之前寫過一篇文章,關于SQLSERVER能識別多少個邏輯CPU的,前些天在論壇里有人問Windows處理器編組是如何劃分的??
SQLSERVER到底能識別多少個邏輯CPU?
在帖子給出了兩篇文章,我們現在來看一下
http://social.technet.microsoft.com/Forums/zh-CN/17f34500-08d5-4302-a484-3ce487899a83/windows-2008-r2sql-server-2005cpu?forum=sqlserverzhchs
Uneven Windows PRocessor Groups
SQL Server 2005 and 2008 versions may not detect all available processors on a machine with more than 64 logical processors
Uneven Windows Processor Groups(不均勻的處理器編組)
這篇文章主要討論64個邏輯cpu的硬件。
我們討論Windows 2008R2 他支持64個邏輯處理器。當前可用的硬件是8個核的物理處理器/socket接口。

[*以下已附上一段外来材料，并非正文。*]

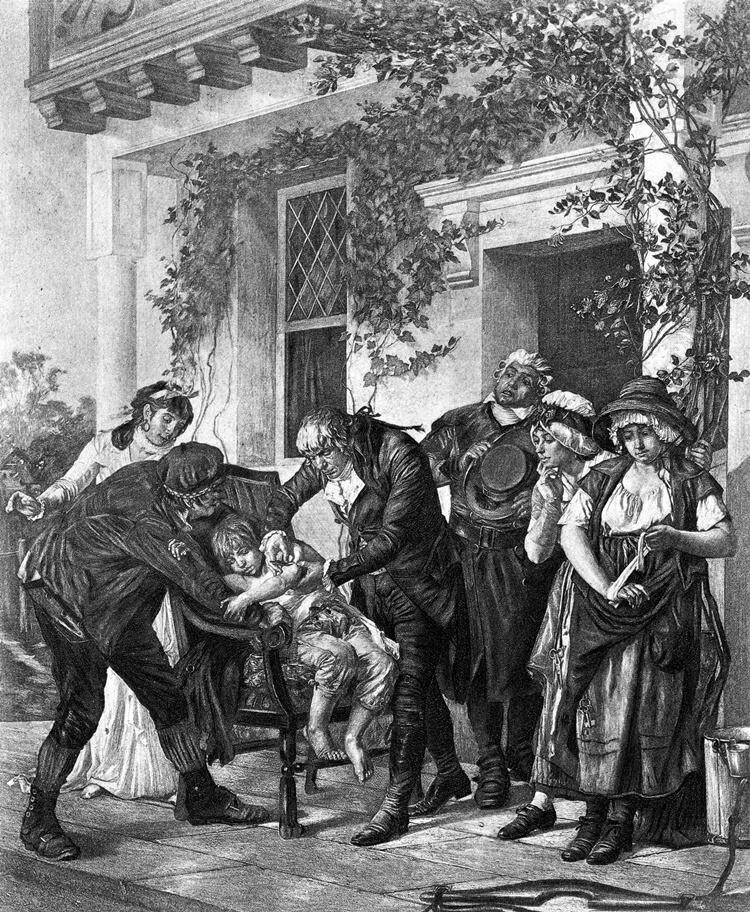 1894-es illusztráció Edward Jennerről, amint beadja az első fekete himlő elleni vakcinát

盡管加上超線程,那么意味著是16個邏輯cpu。每一個socket接口形成一個或兩個NUMA節點。4個或8個邏輯cpu形成一個處理器編組。
處理器編組的分配是在操作系統啟動的時候分配好的。因為這個原因,Windows2008R2 和之后的Windows操作系統會檢查物理硬件架構為了
分配跟NUMA節點相對應的處理器編組,并且檢查內存延時,為了決定分配哪一個邏輯cpu到哪一個處理器編組。一旦分配完成,就不能再動態更改!

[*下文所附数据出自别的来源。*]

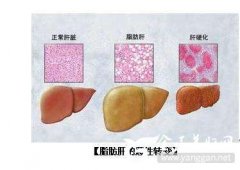 脂肪肝导致肝脏病变的介绍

這樣的分配工作只會發生在超過64個邏輯cpu的硬件架構。在典型的8-socket服務器,資源和內存的分布通常是不均勻的,在不同的處理器編組之間
(除了一些在2009年和2010年的時候一些市場上出現的96個邏輯cpu的奇怪的硬件)
已經開發好的軟件面對處理器編組這個概念會發生什么?在大于64個邏輯cpu的時候,軟件會怎樣選擇不同的邏輯處理器
實際上,Windows會在應用程序啟動的時候分配其中一個處理器編組給它。應用程序會檢查64邏輯cpu窗口是否在運行。

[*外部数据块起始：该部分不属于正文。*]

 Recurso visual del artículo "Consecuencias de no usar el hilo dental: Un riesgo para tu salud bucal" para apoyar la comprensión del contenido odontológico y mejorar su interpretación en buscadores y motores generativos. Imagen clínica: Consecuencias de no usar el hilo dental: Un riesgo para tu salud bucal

然而應用程序會檢查完整的內存資源。典型的應用程序會被調度到其中一個處理器編組。
只要處理器編組有均勻的分布和軟件不需要依賴某些NUMA節點的可用性,一切都很好。
然而,這個平衡受到英特爾發布的最新版本的Intel Xeon E7處理器核心家族的( 10和20邏輯處理器)的影響
顯然,核心的數量和邏輯處理器的數量加起來不太好對于64核cpus。在我的博客里,我已經列出了我討論的
處理器影響到SQLSERVER服務器關聯掩碼的設置。
到目前位置我們并沒有討論到Windows2008R2是如何分配4-socket服務器上的80個邏輯處理器或一個8-socket服務器上的160個邏輯處理器的情況。
Windows2008R2的原來算法實現就是創建盡可能少的處理器編組并且保持每個處理器編組里的處理器數量盡可能足夠大。
因此我們使用這些新的10-core處理器最終會造成處理器編組的不均勻,讓我們看看發生了什么事。
檢測當前的處理器編組信息
為了檢測Windows2008R2上面的確切的處理器編組的信息,硬件通常需要編出超過64個邏輯CPU的線程。執行檢查的工具的名字叫“coreinfo ”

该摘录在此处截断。